Even if it's just splitting the tab among co-workers at your annual holiday get-together, it's clear that this is the season for instant payment apps.
Venmo and Zelle have exploded in popularity, particularly among 18- to-34-year-olds. In fact, millennials are six times more likely than boomers and Gen Xers to use payment service Venmo in lieu of cash, checks and credit cards to settle up for everything from dinner and drinks with friends to paying the month's rent, according to new research by Qualtrics and Accel.
"Peer-to-peer apps are crucial to modern personal finance," said Sean McQuay, a credit card analyst at NerdWallet.
Venmo alone processed about $4.9 billion in person-to-person payments in the third quarter of 2016, up 131 percent from a year earlier, according to PayPal's most recent report.
Venmo's peer-to-peer transaction volume is expected to grow to about $84 billion in 2019, according to Josh Olson, an analyst at Edward Jones.

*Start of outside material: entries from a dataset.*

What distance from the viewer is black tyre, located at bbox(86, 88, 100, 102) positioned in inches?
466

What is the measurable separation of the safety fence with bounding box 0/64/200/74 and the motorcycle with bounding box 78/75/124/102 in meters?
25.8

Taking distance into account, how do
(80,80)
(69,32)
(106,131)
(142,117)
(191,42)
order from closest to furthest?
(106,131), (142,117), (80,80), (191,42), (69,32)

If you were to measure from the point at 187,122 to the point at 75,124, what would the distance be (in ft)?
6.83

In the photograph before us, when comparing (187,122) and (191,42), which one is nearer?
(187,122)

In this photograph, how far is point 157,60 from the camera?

But although 21 percent of consumers have used a mobile app on their phone to make a payment — a number that likely will continue to grow — only 11 percent of consumers trust alternative payment providers to protect their payments, according to a recent survey from the American Bankers Association.
In reality, the top mobile payment apps have very financially secure roots. Venmo is owned by PayPal, which is licensed as a money transmitter in every state, and Zelle is backed by the country's biggest banks, including Chase, Citi and Bank of America. (There are also a slew of competitors on the scene, including Dwolla, Square Cash and Popmoney.)

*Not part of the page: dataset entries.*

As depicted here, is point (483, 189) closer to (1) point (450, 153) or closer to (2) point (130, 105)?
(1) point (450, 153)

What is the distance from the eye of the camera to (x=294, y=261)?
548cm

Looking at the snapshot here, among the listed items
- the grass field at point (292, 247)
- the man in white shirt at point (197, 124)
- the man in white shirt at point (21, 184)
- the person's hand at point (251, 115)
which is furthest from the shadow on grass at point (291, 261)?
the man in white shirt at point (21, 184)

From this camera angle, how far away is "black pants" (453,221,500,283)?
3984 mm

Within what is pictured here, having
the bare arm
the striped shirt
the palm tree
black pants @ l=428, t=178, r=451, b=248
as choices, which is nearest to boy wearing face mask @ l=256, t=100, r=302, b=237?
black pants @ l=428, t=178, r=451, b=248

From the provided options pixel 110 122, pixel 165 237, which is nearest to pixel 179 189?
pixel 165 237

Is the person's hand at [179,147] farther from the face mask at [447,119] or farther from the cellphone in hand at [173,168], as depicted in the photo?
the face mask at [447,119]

The theory behind them is the same. Instead of using an instrument, like a check or credit card, to make a payment, mobile broadband technology makes it possible to move money directly between two people (called peer-to-peer, person-to-person or P2P). They either draw from a pool of funds you establish as your balance or the money flows directly to and from your bank account.

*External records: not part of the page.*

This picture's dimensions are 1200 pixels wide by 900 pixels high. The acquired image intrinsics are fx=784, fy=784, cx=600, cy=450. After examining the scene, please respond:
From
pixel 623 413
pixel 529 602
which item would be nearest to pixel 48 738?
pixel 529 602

In fact, banking on mobile devices is considered more secure than online banking, because of mobile operating systems' "sandboxing architecture" which isolates individual apps from malicious malware, according to Jason Soroko, manager of security technologies at Entrust Datacard, a financial transaction security firm. If one app is infected, it won't spread to another, like it could on your PC, Soroko said.
"Consumers should feel confident about using their mobile devices to make payments," he said.
It gets problematic if someone has access to your phone and sends a payment you didn't authorize or if you send it to the wrong person. Because the payment is analogous to cash, it is more difficult to reverse a transaction. "That is the largest security risk," said NerdWallet's McQuay.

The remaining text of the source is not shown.